This module is an extension of the module account_invoice_import: it adds support for regular PDF invoices i.e. PDF invoice that don’t have an embedded XML file. It uses the invoice2data library which takes care of extracting the text of the PDF invoice, find an existing invoice template and execute the invoice template to extract the useful information from the invoice.
To know the full story behind the development of this module, read this blog post.
More information for creating the templates can be found in tutorial of the invoice2data library. The templates have to be created manually. An graphical template creator for odoo is a work in progress.
WARNING: an alternative module account_invoice_import_simple_pdf developped in July 2021 provides similar features but has one big advantage: the accountant can add support for a new vendor by himself, no more invoice templates which require technical skill. The module account_invoice_import_simple_pdf provides basic functionality, but does not support line level accounting.
Table of contents
Installation
This module requires the Python library invoice2data available on Github with a version >= 0.2.74 (February 2018).
To install the latest version of this library, run:
sudo pip3 install --upgrade invoice2data
If you use Ubuntu 16.04 LTS or higher, you can use the pdftotext version 0.41.0 that is packaged in the distribution:
sudo apt install poppler-utils
If you want the invoice2data library to support mixed-type pdf’s or fallback on OCR if the PDF doesn’t contain text (only a very small minority of PDF invoices are image-based and require OCR) like scanned receipts, you should also install Ocrmypdf
pip install -U ocrmypdf
If you want the invoice2data library to fallback on OCR if the PDF doesn’t contain text (only a very small minority of PDF invoices are image-based and require OCR) like scanned receipts, you should also install Imagemagick (to get the convert utility to convert PDF to TIFF) and Tesseract OCR :
sudo apt install imagemagick tesseract-ocr
If you want to use custom invoice templates for the invoice2data lib (in addition to the templates provided by the invoice2data lib), you should add a line in your Odoo server configuration file such as:
invoice2data_templates_dir = /opt/invoice2data_local_templates
and store your invoice templates in YAML format (.yml extension) or json format in the directory that you have configured above. If you add invoice tempates in this directory, you don’t have to restart Odoo, they will be used automatically on the next invoice import.
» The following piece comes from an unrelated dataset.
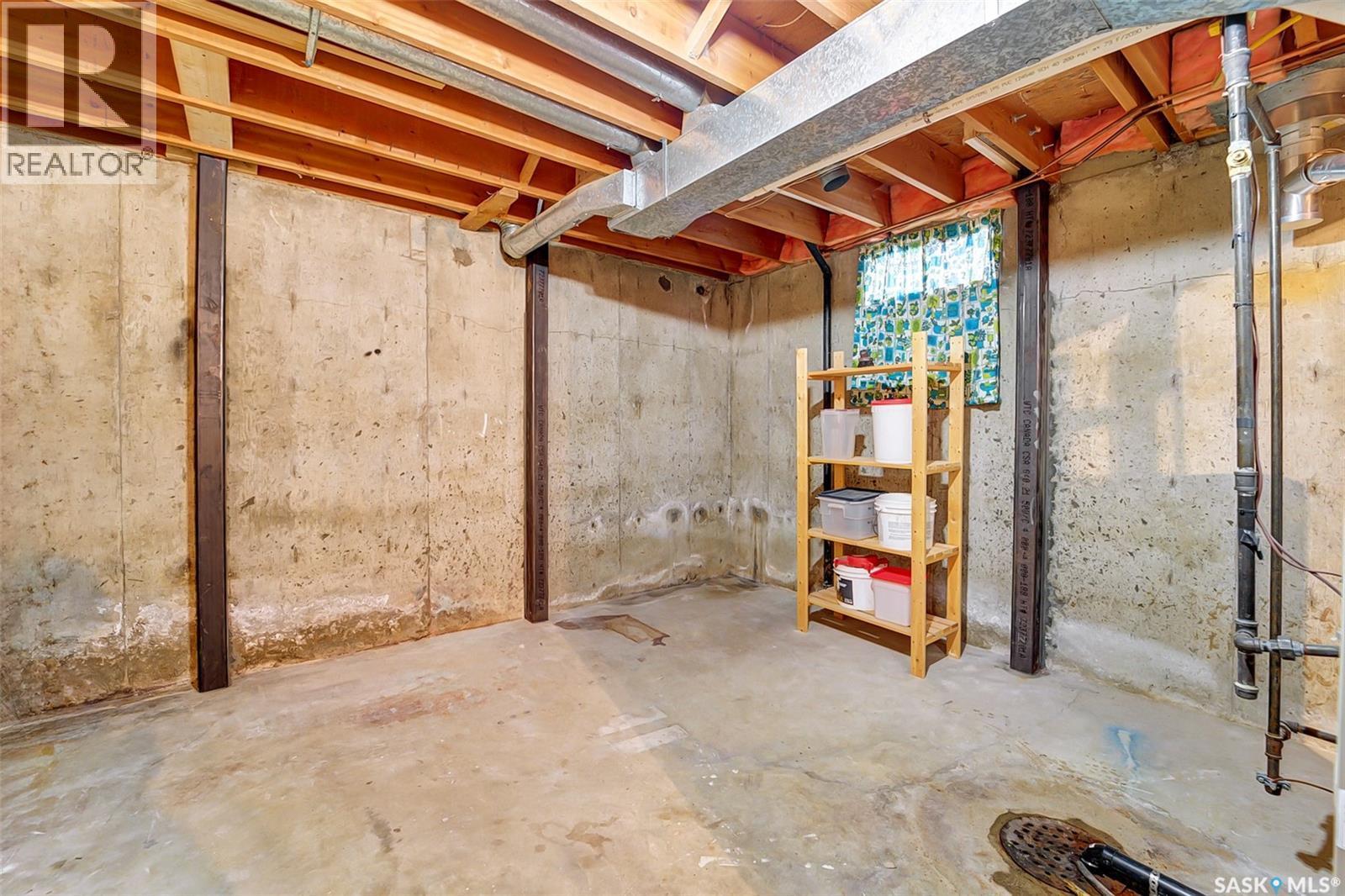 703 Candle Court, Saskatoon, SK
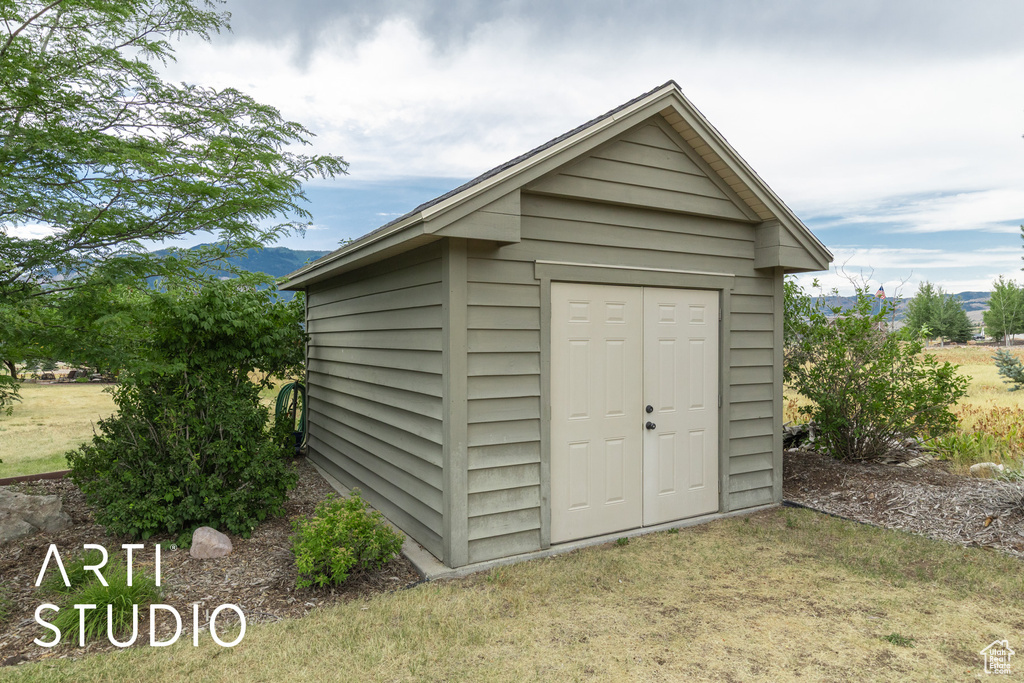 3700 N FOOTHILL LN Eden, UT 84310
If you want to use only your custom invoice templates and ignore the templates provided by the invoice2data lib, you should have in your Odoo server configuration file:
invoice2data_templates_dir = /opt/invoice2data_local_templates
invoice2data_exclude_built_in_templates = True
The yaml templates are loaded with [pyyaml](https://github.com/yaml/pyyaml) which is a pure python implementation. (thus rather slow) As an alternative json templates can be used. Which are natively better supported by python. The performance with yaml templates can be greatly increased 10x by using [libyaml](https://github.com/yaml/libyaml) It can be installed on most distributions by:
sudo apt-get libyaml-dev
French users should also install the module l10n_fr_business_document_import available in the French localization. Dutch users should also install the module l10n_nl_business_document_import available in the Netherlands localization.
Dependencies
pip install invoice2data
| The main dependency of this invoice import module |apt install poppler-utils
| The default Input-reader for the invoice2data library |pip install dateparser
| Requirement for parsing the invoice dates, this requirement is likely already satisfied by odoo itself |apt install libyaml-dev
| Template loader, recomended to greatly speedup the loading of yaml templates |apt install imagemagick
| inputreader: Pre-processes the pdf before feeding it into tesseract-ocr |apt install tesseract-ocr
| inputreader: for ocr of image only pdf files |apt install tesseract-ocr-
see documentation | inputreader: Language pack for tesseract ocr, greatly improves character detection |apt install ocrmypdf
| inputreader: For image only or mixed type pdf’s. It uses tesseract-ocr under the hood, but provides optimalisations which greatly improves results |Configuration
Go to the form view of the supplier and configure it with the following parameters:
- the VAT is set (the VAT number is used by default when searching the supplier in the Odoo partner database)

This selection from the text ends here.